Sharma, Murali (1993) Renormalization corrections in heavy colored scalar effective field theory. Dissertation (Ph.D.), California Institute of Technology. doi:10.7907/k333-2a97. https://resolver.caltech.edu/CaltechTHESIS:01082013-134838904

Abstract

Recently, QCD processes involving a heavy quark at energ1es much smaller than its mass have been examined in an effective field theory approach. In this 'heavy quark theory', the mass of the quark is taken to infinity while its four velocity is held fixed. The effective theory has a large set of symmetries because of the decoupling of the flavor (when the kinematic dependence on masses is removed) and spin of the heavy quark from its interactions with the light degrees of freedom . As a consequence, several matrix elements of the theory are determined in terms of a single function, the Isgur-Wise function. Being nonperturbative in character, this function is not fully calculable. However, it has a calculable logarithmic dependence on the masses of the heavy particles, arising from QCD effects in the full theory.

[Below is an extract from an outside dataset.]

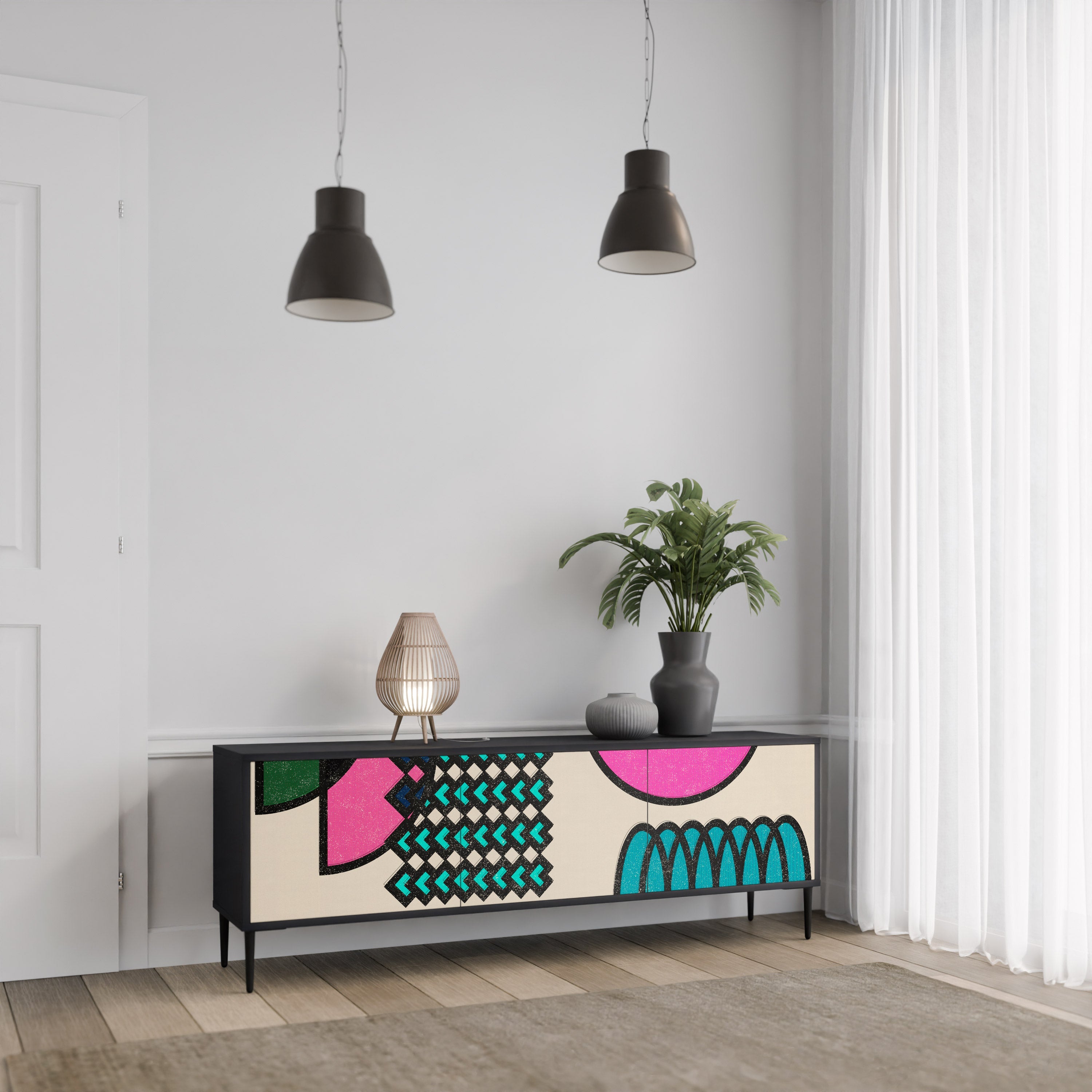 GEOMETRIC RHAPSODY Móvel de TV com 3 Portas em Acabamento Preto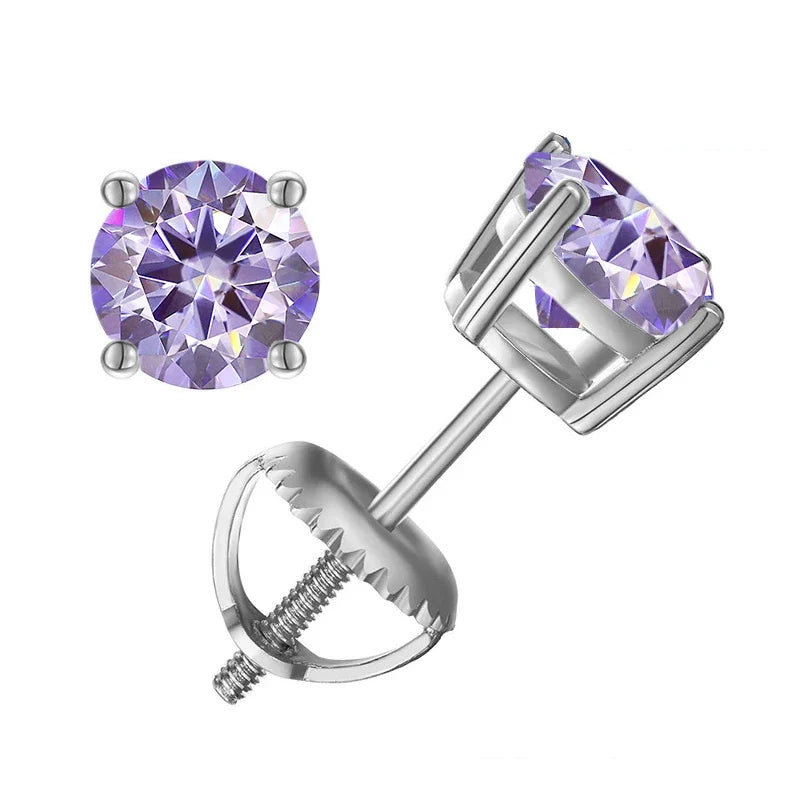 Colored Four-Prong Moissanite Screw-Back Stud Earrings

Some extensions of the standard model contain heavy color triplet scalars. It is instructive therefore to consider the analogous effective field theory for scalars. In processes where pair production does not occur, the statistics of the heavy particles are irrelevant, and their interactions are identical with those of quarks. Thus there is a 'superflavor symmetry' that interchanges quarks and scalars, and a flavor symmetry between scalars. Again, these symmetries determine several matrix elements involving scalars up to the same Isgur-Wise function. In this thesis, the logarithmic mass dependence of the operators ϕ_2^†ϕ_1, ϕ_2^† (ὶð^µ ϕ_1), and (ὶð^µ ϕ_2) ^† ϕ_1 is calculated. The latter two operators mix under renormalization.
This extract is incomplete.